Anemone nemorosa. Frome, 19 March 2021.

When we poetry readers move between different poems, there's a kind of leakage across our readings, they're not insulated. I came from thinking about Sir John Davies' 1599 poem Nosce Teipsum, a philosophical account of the soul, and my questions about the distinctness of personal identity seemed to proceed uninterrupted into the dramatically modern turbulence of what I picked up next:  

Place :
                Is a
                    in the means of

                A singlular
               locale [isn't/it?]

                                                    Are numbers of years spent
                                                    to account for :
               [opt out
               or into :]
                                                        divisions ?
That which is rent from one

In this movement

a cultural-linguistic
                                                   name     home
                                                   plane     schlept car
                                                   shipped to walk
                                                                                      --and then
locate the "exile" in "reconciliation"
of frontiers and calculable numbers
of words available in each of her tongues
un-cross-stitched from what one was / is          

the average
               stamp thumped on a block of papers
               declares her                        Hearing
                                                                          is in
                                           a quieter tone:       this
place of all echoes
                                           the palimpsestic

This is the beginning of the first of a group of five poems by Jennifer K. Dick in the anthology women: poetry: migration ed. Jane Joritz-Nakagawa (theenk Books, 2017). My thoughts still ran on Sir John Davies' soul: is it both single and singular, or does it only appear single by being singular ("singlular")? Or single by virtue of appearing to be only in one place; but are places meaningfully distinct from the soul's perspective? 
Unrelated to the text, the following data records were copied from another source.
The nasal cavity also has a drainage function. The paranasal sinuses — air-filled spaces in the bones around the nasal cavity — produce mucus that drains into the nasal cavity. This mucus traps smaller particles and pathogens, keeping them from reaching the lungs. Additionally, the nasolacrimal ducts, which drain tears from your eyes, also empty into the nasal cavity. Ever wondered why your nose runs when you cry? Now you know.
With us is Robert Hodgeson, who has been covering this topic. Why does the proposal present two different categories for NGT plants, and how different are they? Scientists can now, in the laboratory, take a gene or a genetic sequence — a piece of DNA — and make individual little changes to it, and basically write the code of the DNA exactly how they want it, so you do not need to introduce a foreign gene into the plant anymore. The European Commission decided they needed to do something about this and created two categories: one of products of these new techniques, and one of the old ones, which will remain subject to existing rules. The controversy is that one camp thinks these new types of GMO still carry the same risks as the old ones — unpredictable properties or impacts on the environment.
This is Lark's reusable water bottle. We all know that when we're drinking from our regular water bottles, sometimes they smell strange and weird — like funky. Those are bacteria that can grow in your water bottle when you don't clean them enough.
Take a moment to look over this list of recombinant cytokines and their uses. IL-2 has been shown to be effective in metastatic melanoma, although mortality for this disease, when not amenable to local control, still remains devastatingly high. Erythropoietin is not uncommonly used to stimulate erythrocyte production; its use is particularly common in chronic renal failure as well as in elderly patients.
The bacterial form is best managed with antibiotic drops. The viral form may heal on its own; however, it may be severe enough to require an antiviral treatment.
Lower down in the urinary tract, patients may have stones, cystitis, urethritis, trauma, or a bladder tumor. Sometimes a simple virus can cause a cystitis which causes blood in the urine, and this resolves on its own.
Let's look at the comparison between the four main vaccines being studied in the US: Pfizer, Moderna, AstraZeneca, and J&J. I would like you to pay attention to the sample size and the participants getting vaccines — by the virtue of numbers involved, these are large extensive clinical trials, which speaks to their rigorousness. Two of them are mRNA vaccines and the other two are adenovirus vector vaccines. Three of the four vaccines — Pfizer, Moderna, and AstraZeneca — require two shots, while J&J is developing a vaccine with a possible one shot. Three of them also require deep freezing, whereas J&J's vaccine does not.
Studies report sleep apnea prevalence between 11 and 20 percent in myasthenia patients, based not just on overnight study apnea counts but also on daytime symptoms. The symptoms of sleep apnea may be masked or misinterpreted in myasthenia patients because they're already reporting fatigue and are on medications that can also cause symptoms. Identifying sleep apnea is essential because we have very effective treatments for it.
But tonight I read the poem more as about migration, about humans in different places. (Jennifer K. Dick was born in Iowa and lives in Mulhouse (France).)

But still, there's a questioning of singleness and demarcation that's deeply ingrained in this text. Words aren't just words, they are activated words. They are constantly being marked as quotations, italicized, capitalized, parenthesized, question-marked, energetically spaced across the line, creatively misspelled, multilingual, and conversing with each other by meaning (meant, means), rhyming (meant, spent, rent) or partial repetition (schlept, shipped; exile, reconcile). Stop jogging my elbow while I'm trying to read! That's what I imagine a traditional reader protesting (and I still have that traditional reader buried inside somewhere). This writing interrupts the flow, it asks us how the word reached us, about intention and control. It says that words conceal as well as reveal. That, after all, reality is outside the words, we might need to look past them and not just through them. 

The quotations are from a book by Erín Mouré, so Jennifer's poems are building on a practice that´s already inclined to multivocality and multilingualism. Like when we build two towers of bricks and then try to put one on top of the other. It courts a collapse of what separates one from another or inside from outside. Which is a recurrent image in her poems. As here in the fourth poem,  

the lost, regurgitated sandstorm
grit on windowless windowsill

a poem that considers ruined buildings and Alzheimers and "wherein our particulars vanish..". 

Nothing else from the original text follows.